DIRECTIONS FOR THIS TASK — Images are to be left out when the records below are printed word for word.

EXCERPTED RECORDS —
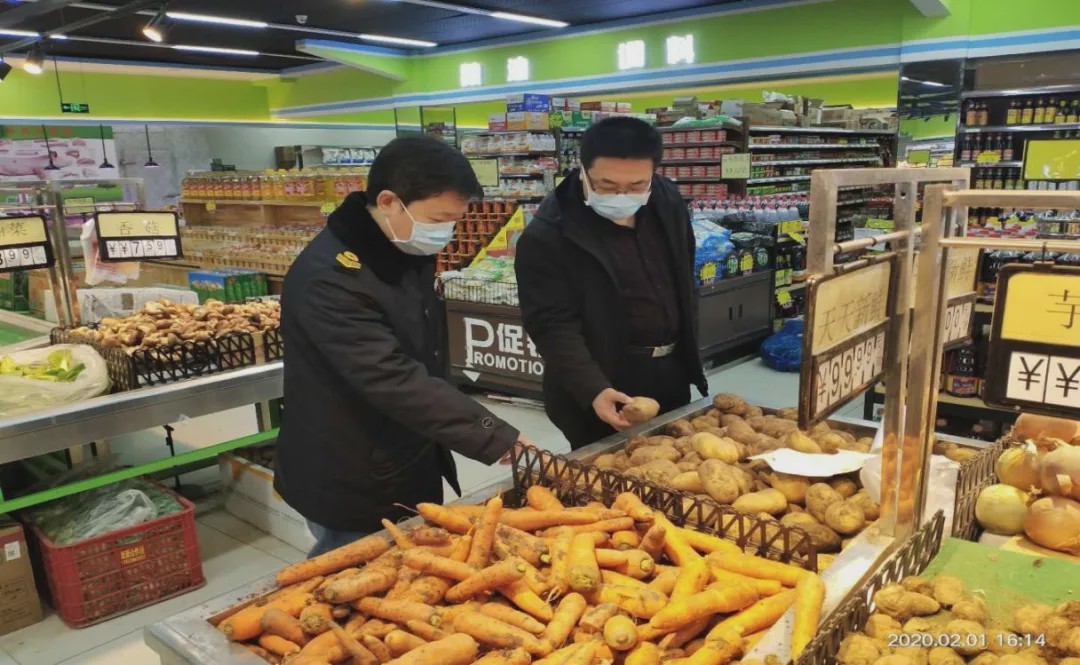 香河县市场监督管理局持续发力巩固疫情防控成果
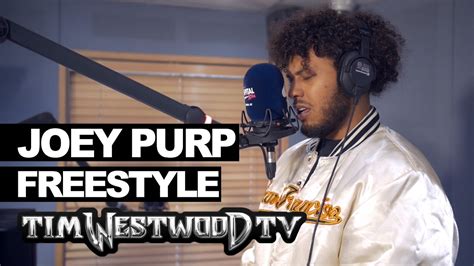 Joey Purp Freestyle Westwood Youtube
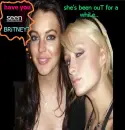 whers britney?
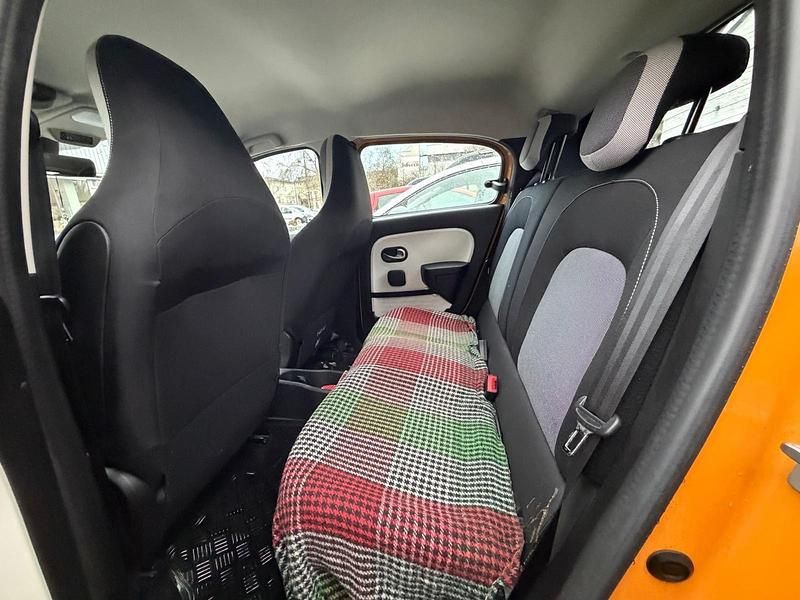 Gebraucht Renault Twingo LIMITED 90 PS (66 kW) 2019 Orange Kleinwagen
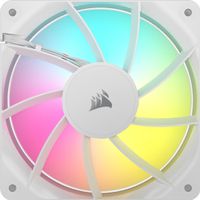 Miniatura 5 de VENTILADOR CAJA CORSAIR RS ARGB Series 120 White 120mm ARGB Fan Triple Pack CO-9050185-WW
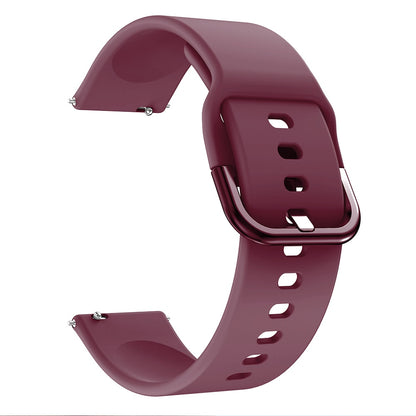 YAYUU 20mm Silicone Strap for Huami Amazfit GTS 4 Mini/GTS 3/GTS 2/GTS 2 mini/GTS 2e Bracelet for Amazfit Bip U/U Pro Wristband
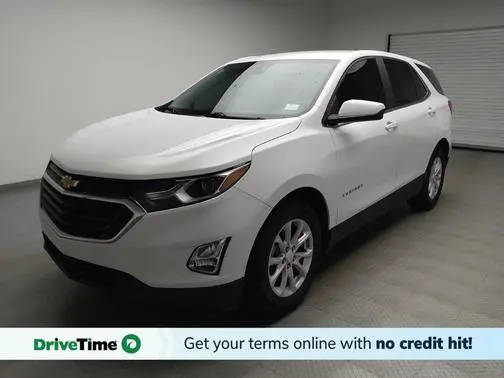 2021 Chevrolet Equinox LT FWD photo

ANSWER TO THE EXERCISE —
 香河县市场监督管理局持续发力巩固疫情防控成果
 Joey Purp Freestyle Westwood Youtube
 whers britney?
 Gebraucht Renault Twingo LIMITED 90 PS (66 kW) 2019 Orange Kleinwagen
 Miniatura 5 de VENTILADOR CAJA CORSAIR RS ARGB Series 120 White 120mm ARGB Fan Triple Pack CO-9050185-WW
 YAYUU 20mm Silicone Strap for Huami Amazfit GTS 4 Mini/GTS 3/GTS 2/GTS 2 mini/GTS 2e Bracelet for Amazfit Bip U/U Pro Wristband
 2021 Chevrolet Equinox LT FWD photo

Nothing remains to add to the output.